## Task goal
All of the entries should be restated word for word, but without their pictures.

[Records shown Boundary: Start]

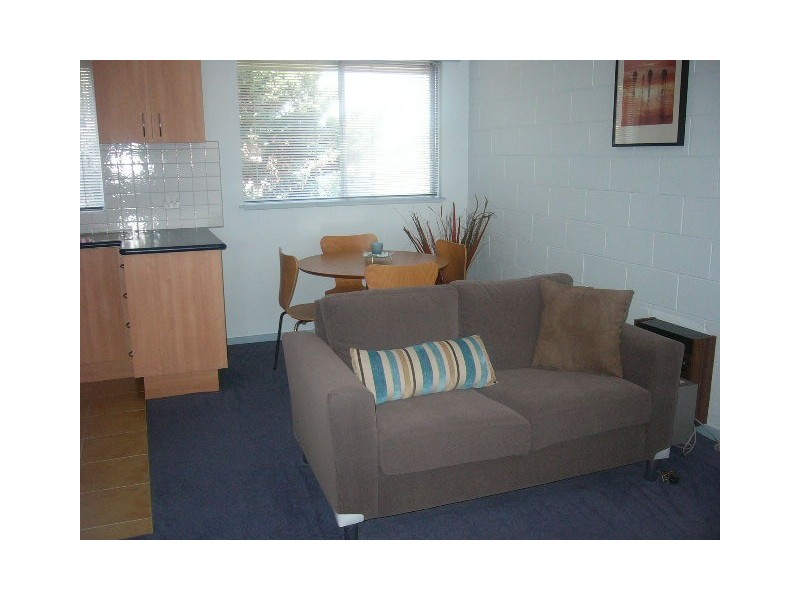 23/15 Royal Avenue, Essendon North VIC 3041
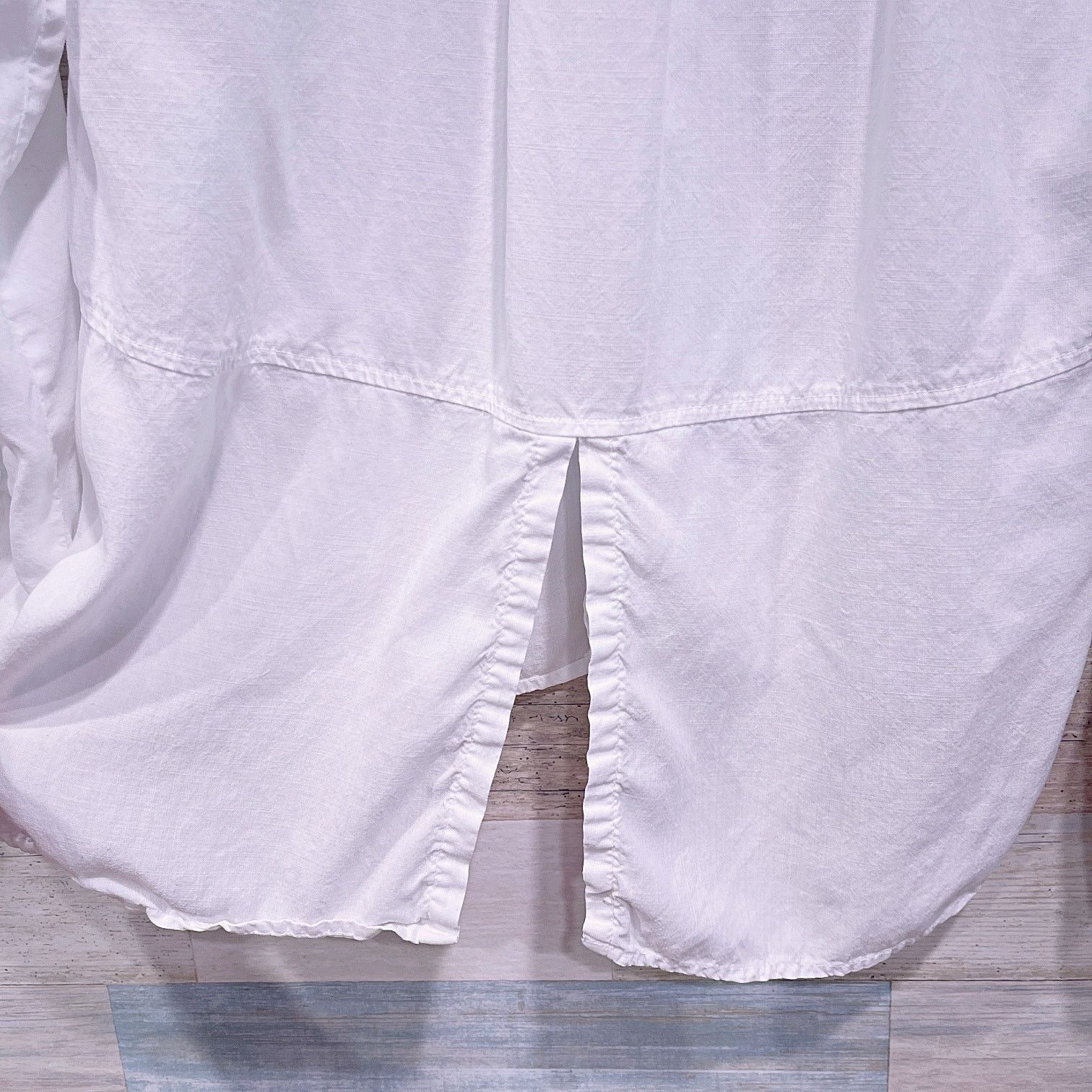 Anthropologie Cloth & Stone Lyocell Split Back Button Down Shirt White S Size S / US 4 / IT 40 - 6 Thumbnail
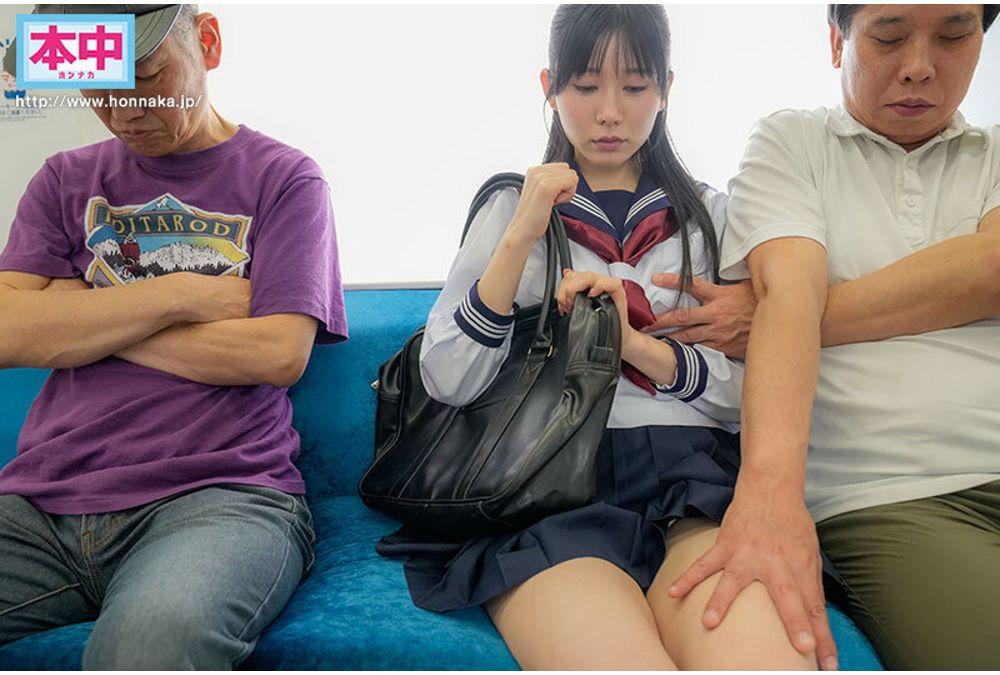HMN-920 My Student, Itsukaichi-san, Secretly Lets Me Have Sex With Her And Ejaculate Inside Her While She's Commuting By Train. Screenshot 9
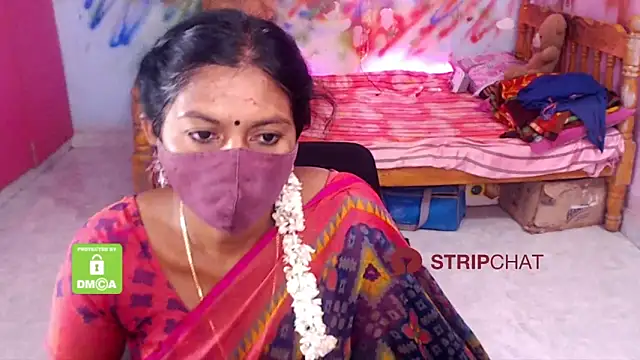 Snapshot of Novapol chatting on 02.04.25 Novapol online show from 02.04.25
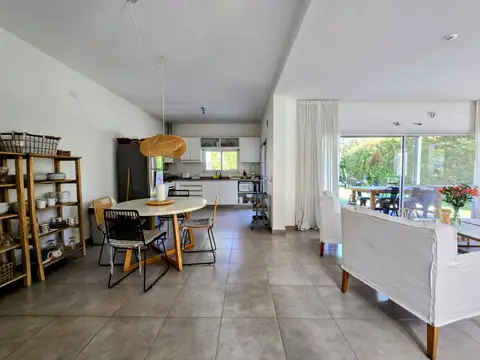 Casa en Venta en Los Olivares, USD 215.000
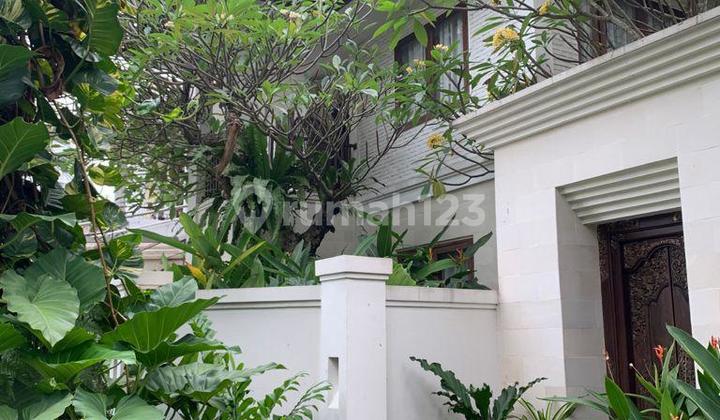 Rumah Bergaya Tropical Bagus Asri Dan Terawat Di Bintaro Jaya 2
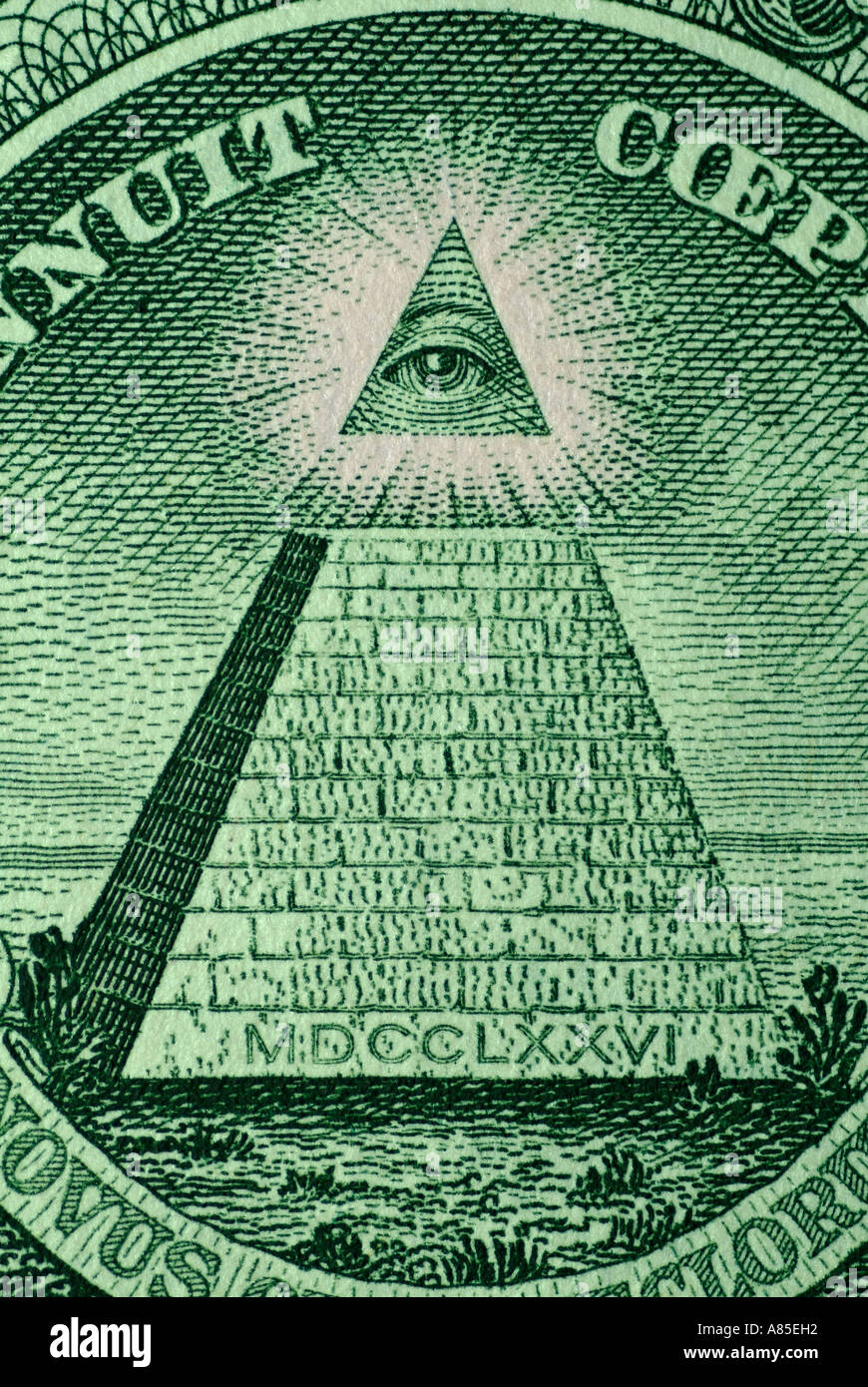 Amerikanische US ein-Dollar-Note zeigt eine Pyramide mit 13 Stufen und ein Auge in der Spitze hautnah. Stockfoto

[Records shown Boundary: End]

## Task response
 23/15 Royal Avenue, Essendon North VIC 3041
 Anthropologie Cloth & Stone Lyocell Split Back Button Down Shirt White S Size S / US 4 / IT 40 - 6 Thumbnail
HMN-920 My Student, Itsukaichi-san, Secretly Lets Me Have Sex With Her And Ejaculate Inside Her While She's Commuting By Train. Screenshot 9
 Snapshot of Novapol chatting on 02.04.25 Novapol online show from 02.04.25
 Casa en Venta en Los Olivares, USD 215.000
 Rumah Bergaya Tropical Bagus Asri Dan Terawat Di Bintaro Jaya 2
 Amerikanische US ein-Dollar-Note zeigt eine Pyramide mit 13 Stufen und ein Auge in der Spitze hautnah. Stockfoto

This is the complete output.